I arrived in Paris, dragging my heavy bag of gear, merch and necessities to Adam and his girlfriend Anne’s pad, in an overwhelmingly Tamil neighbourhood which also happened to house the Hell’s Angels’ French headquarters. The next day I took a train to Reims for the start of the Puppetmastaz tour.

The next three days are a bit of a blur. Partly because the small French towns (Reims, Annecy and Meylan, none of which I’d ever heard of before the tour) blend into each other in my memory—nice rivers, cool old architecture and impeccable state-sponsored arts centres where the gigs took place—but mostly because of the touring lifestyle, involving tour bus living and copious consumption of alcohol.

For anyone who’s never been on a tour bus, I have to say it’s one of the least glamourous aspects of the rock lifestyle. Picture a bus with 10 compartments, about the shape and size of a coffin (a comparison which much to my dismay occurred to me on the first night onboard), stacked on top of each other and back to back, with a hallway barely wide enough to fit one person in between.
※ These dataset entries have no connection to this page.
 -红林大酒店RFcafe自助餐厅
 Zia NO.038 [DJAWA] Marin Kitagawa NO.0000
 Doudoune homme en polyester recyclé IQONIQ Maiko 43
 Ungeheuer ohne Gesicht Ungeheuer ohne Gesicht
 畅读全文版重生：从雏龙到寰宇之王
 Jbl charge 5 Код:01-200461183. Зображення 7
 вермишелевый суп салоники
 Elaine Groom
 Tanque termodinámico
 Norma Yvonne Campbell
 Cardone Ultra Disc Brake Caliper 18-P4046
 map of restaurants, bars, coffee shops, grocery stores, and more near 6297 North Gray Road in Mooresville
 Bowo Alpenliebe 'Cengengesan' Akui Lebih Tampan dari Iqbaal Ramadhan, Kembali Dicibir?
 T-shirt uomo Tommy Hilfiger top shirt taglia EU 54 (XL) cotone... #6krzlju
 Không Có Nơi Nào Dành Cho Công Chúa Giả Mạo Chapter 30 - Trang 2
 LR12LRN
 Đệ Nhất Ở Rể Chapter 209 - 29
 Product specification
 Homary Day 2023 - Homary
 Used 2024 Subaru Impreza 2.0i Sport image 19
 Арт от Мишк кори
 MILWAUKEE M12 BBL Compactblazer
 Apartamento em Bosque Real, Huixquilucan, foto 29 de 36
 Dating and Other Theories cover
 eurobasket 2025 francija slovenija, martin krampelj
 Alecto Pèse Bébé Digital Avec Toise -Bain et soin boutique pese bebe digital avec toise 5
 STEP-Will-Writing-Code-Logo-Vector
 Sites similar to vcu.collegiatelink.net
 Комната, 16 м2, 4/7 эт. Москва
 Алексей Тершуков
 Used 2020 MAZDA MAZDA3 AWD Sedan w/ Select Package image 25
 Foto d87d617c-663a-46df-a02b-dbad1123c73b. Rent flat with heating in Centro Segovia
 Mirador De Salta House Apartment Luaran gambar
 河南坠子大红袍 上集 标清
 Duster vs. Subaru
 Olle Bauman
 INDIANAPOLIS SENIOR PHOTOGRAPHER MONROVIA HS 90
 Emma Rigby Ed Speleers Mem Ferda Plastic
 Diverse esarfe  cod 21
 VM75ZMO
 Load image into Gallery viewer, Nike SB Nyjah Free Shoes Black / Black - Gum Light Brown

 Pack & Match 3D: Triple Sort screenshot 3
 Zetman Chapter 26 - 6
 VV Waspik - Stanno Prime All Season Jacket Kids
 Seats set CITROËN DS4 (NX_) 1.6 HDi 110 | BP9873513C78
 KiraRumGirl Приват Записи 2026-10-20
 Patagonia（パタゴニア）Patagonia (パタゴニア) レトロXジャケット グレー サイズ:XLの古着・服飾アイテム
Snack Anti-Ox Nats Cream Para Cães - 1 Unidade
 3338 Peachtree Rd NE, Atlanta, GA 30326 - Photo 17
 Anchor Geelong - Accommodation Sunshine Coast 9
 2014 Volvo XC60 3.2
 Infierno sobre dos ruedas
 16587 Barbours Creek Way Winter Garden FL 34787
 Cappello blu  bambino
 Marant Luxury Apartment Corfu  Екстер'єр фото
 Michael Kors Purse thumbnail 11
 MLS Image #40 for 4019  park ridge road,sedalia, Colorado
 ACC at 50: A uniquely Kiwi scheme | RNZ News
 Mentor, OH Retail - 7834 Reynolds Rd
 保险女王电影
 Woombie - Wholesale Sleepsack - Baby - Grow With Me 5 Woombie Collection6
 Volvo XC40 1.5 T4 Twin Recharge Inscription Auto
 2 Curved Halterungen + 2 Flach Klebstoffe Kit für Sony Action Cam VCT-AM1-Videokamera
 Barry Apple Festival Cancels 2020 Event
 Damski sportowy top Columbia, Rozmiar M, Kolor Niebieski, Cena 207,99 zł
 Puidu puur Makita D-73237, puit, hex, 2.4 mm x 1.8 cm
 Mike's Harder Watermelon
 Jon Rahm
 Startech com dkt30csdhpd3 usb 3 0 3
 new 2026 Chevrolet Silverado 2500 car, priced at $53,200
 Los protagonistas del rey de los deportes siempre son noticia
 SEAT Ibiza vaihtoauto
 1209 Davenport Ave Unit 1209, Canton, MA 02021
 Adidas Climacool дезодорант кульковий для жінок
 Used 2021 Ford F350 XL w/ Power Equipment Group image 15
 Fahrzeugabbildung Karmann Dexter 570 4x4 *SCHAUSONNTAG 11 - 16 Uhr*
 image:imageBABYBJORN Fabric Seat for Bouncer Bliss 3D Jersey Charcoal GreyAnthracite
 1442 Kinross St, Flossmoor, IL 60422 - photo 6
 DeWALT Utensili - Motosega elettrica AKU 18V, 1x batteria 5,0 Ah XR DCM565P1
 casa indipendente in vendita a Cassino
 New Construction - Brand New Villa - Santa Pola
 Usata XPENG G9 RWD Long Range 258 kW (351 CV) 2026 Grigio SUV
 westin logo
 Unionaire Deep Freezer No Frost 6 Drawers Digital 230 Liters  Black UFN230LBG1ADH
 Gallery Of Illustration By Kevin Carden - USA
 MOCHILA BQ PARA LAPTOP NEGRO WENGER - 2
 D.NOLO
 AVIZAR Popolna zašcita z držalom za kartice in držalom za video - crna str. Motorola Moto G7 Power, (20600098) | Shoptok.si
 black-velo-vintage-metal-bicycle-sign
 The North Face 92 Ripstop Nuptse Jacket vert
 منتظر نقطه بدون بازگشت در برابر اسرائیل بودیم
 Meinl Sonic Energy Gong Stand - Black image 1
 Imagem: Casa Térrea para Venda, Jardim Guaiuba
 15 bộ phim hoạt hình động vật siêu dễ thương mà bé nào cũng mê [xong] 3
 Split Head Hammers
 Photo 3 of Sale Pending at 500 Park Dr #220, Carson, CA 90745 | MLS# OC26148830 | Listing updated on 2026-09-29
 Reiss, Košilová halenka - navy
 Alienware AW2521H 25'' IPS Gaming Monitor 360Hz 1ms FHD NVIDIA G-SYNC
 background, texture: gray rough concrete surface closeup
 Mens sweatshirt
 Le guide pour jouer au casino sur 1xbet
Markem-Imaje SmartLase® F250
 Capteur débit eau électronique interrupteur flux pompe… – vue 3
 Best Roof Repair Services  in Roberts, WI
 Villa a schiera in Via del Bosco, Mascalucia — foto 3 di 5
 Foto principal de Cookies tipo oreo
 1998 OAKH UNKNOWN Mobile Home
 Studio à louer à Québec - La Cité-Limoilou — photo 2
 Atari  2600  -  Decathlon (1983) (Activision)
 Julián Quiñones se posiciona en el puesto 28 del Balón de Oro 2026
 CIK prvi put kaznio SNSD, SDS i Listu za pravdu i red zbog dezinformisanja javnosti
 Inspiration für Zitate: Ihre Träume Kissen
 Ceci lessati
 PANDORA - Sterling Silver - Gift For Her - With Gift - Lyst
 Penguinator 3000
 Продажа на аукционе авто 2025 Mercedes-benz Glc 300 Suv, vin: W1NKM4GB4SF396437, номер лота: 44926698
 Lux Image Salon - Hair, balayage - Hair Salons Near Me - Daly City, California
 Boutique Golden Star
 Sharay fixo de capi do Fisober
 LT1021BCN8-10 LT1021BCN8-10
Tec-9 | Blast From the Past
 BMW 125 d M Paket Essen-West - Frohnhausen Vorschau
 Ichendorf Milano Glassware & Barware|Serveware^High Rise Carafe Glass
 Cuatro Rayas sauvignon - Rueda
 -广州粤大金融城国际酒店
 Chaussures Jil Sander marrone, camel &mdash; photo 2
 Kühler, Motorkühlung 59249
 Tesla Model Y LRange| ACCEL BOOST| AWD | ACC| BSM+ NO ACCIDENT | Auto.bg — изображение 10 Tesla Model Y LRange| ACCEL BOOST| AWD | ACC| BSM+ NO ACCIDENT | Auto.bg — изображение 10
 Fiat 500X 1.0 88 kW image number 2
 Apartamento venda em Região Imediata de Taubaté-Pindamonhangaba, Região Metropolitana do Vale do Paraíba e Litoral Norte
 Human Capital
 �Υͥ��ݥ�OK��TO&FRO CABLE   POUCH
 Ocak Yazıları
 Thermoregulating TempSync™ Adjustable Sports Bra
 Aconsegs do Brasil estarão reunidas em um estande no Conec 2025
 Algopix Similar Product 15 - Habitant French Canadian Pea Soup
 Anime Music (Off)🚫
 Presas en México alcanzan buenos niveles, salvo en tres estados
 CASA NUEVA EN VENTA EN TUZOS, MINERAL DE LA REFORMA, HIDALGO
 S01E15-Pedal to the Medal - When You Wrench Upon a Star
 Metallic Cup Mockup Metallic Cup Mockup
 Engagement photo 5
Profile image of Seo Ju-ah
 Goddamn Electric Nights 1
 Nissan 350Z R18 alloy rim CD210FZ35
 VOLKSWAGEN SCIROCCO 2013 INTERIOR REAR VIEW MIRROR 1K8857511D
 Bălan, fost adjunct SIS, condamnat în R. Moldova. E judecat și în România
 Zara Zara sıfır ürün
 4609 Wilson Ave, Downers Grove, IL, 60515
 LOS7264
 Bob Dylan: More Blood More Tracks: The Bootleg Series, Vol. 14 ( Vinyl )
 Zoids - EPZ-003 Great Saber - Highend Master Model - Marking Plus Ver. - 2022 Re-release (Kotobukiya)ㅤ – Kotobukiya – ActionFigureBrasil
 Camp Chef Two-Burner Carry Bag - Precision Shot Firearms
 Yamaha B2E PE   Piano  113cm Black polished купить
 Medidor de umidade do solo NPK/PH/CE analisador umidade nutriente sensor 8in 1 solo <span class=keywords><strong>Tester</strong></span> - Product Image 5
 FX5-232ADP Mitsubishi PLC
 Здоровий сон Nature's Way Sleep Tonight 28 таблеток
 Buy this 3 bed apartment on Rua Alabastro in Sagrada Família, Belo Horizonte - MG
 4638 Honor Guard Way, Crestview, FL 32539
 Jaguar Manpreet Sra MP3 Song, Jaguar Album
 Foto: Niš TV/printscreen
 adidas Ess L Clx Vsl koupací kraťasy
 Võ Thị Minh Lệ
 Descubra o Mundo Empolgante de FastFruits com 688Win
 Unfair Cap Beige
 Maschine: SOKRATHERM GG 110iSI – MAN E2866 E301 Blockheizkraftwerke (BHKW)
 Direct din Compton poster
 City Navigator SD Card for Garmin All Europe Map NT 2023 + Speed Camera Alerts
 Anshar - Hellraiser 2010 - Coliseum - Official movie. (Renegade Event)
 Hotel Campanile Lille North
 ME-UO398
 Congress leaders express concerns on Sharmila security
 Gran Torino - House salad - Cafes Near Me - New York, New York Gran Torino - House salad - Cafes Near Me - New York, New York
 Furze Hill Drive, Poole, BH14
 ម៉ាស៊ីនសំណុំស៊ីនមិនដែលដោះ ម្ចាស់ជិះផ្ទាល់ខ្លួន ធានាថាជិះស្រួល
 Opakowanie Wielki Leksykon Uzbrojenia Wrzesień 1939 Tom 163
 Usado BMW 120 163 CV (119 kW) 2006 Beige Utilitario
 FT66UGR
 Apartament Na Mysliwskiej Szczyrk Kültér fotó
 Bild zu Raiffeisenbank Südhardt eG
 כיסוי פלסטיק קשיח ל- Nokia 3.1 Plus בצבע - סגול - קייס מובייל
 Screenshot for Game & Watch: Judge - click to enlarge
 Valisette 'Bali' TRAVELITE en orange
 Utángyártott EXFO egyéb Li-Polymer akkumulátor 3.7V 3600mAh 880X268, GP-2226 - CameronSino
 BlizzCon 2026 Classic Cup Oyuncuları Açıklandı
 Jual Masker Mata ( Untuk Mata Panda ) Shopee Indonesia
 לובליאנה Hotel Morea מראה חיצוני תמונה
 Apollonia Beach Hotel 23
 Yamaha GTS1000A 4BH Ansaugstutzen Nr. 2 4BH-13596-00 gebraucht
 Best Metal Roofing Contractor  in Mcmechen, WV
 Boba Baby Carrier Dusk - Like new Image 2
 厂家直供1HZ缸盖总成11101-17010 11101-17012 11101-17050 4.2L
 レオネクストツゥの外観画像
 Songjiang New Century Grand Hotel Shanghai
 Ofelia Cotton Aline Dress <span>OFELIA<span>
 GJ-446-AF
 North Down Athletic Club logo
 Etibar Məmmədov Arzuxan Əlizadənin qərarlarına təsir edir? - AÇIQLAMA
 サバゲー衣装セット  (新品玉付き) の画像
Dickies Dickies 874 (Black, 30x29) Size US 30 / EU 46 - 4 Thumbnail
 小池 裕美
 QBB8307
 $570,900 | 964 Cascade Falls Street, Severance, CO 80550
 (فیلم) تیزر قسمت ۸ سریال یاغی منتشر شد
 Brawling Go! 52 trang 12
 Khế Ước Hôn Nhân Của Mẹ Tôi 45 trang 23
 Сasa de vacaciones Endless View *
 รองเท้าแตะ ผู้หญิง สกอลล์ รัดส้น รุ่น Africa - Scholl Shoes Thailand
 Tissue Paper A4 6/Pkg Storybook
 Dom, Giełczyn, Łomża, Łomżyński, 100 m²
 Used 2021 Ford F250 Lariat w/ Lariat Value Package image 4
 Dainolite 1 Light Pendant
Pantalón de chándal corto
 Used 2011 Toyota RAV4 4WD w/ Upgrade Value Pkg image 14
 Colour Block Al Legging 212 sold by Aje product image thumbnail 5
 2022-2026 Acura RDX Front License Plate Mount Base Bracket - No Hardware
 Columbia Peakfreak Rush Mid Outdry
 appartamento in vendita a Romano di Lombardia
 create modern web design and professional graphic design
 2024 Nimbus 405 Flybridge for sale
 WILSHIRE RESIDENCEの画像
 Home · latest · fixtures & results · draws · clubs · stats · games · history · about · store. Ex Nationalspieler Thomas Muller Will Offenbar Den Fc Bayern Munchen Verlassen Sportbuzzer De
Now imagine eight dudes (and a couple of courageous chicks) living there for several weeks in a row.

The Puppetmastaz are huge in France, and treated accordingly, with catering tables adorned in fancy cheese, sausage, champagne, whiskey and beer. All of which was a challenge to my efforts to live healthily, a challenge which I miserably failed to meet, although I enjoyed myself while doing so.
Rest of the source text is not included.